Depending on how a performer’s contract is written and which cruise line they’re working on, they may enjoy different privileges. As a principal in the show, Moore could come and go when the ship was in port. The ensemble players, who were categorized as crew, could not. That bothered her.
“There were two different sets of rules,” she says “The performers who were crew had to do our show and other mainstage performances, like Wheel of Fortune. I didn’t think that was fair, and I had to step up and be a leader to make sure the dynamic of the cast was that we were all one family and we were all deserving to be there.”
For Lewis, who was also a principal player in her shows on Royal Caribbean, being on the ship meant being able to see other performers when she wasn’t onstage herself and learning about her chosen career.
“One of the things I learned is patience and how to work with others,” she says “You’re on this ship with hundreds of other people from all over the world. You realize that not everyone was raised like you. I was just this little Texas girl. It made me see the world through other people’s eyes.”

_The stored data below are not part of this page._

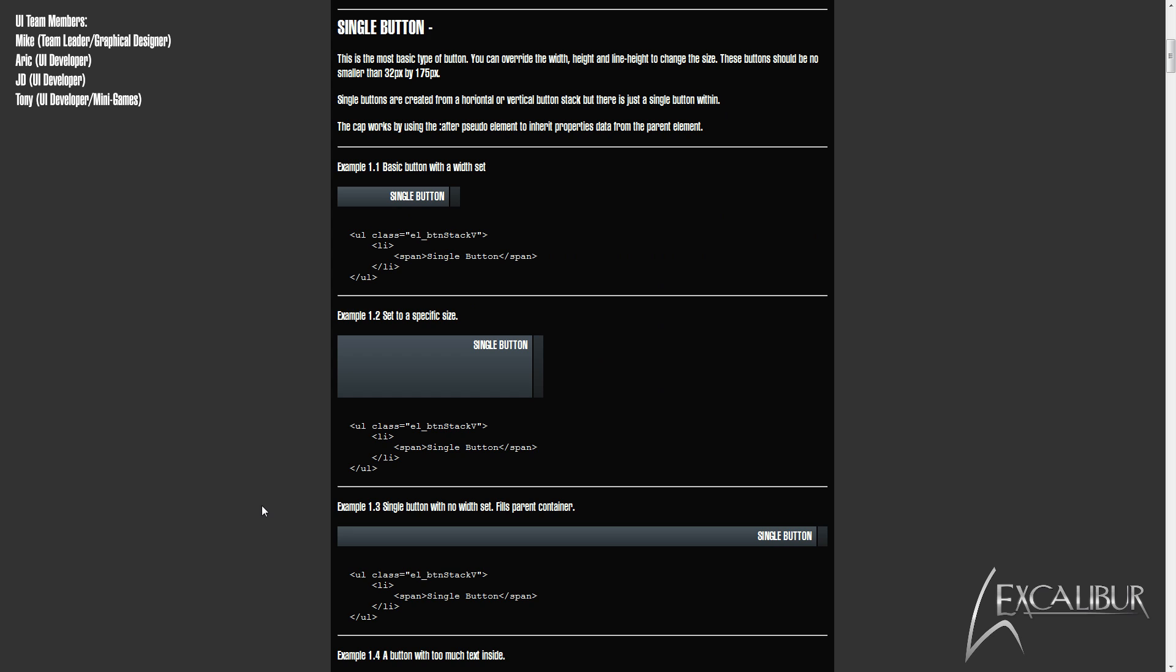Now on to the most basic type of element presented here, the single button. These elements are formed by using either the vertical or the horizontal button stack class, but for example's sake, we will use the vertical version here. The basic code is simple, just a UL LI list with a class on the parent UL, thus defining the button.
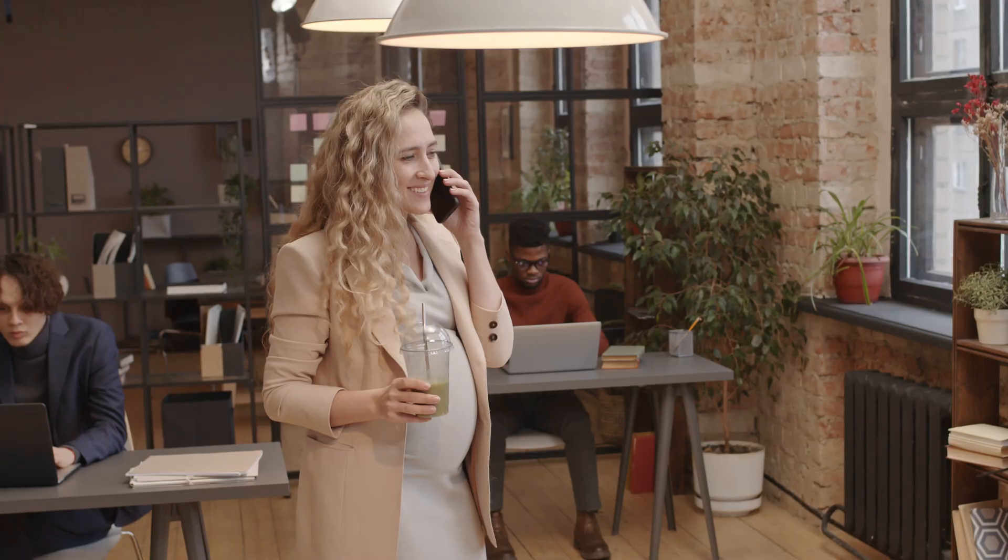Request Assistant made the trip planning process a breeze for Sarah, saving her time that would have otherwise been spent researching the costs of each aspect of her trip.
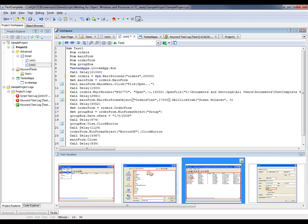TestComplete also provides other wait methods that allow you to wait for windows and objects of applications that are created with specific development tools. For example, you can wait for a specific WPF control, you can wait for a specific Java swing object, and you can refer to the TestComplete documentation to get the full list of those types of commands.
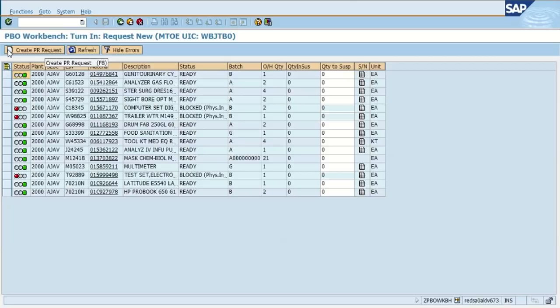The on-hand quantity, how many you have on hand. The quantity in suspense, if you already had something in suspense, you would see that in the quantity in suspense column. And then the quantity to put in suspense, that's where you're going to go in and set what you are getting rid of or transferring.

Performing on a ship can be a challenge. Singers and dancers have to do what they do while the ship is at sea, meaning they might encounter literal bumps along the way. Scoggin described working on a Royal Caribbean production that involved a pirate ship rotating on stage.
“I was fight captain on that show,” he says “And it had compartments that opened for certain scenes, and you’re moving around while the ship is moving — it was wild!”
Shows can and do get canceled if the seas are too rough, so performers need to be flexible. The show must still go on, however. If a planned performance with a lot of choreography or acrobatics gets axed because of choppy weather or other high seas shenanigans, it might get replaced with more of a concert-style performance, for example. And while guests come and go after a week or two, cast members stay on a ship for months at a time. Many use port days to make runs to pharmacies or other stores to stock up on the must-haves that they can’t get on board.
Still, the experience proved valuable. Lewis returned to Royal Caribbean’s Symphony of the Seas for three weeks. Scoggin will be back on the Harmony of the Seas, reprising his previous Grease roles in October 2024.
Moore is taking a break as of publication time, following back-to-back bookings between 2023 and 2024. But she knows she’ll be back on stage in the future, and appreciated her time on Norwegian.
"I really enjoyed seeing the world that way,” she says.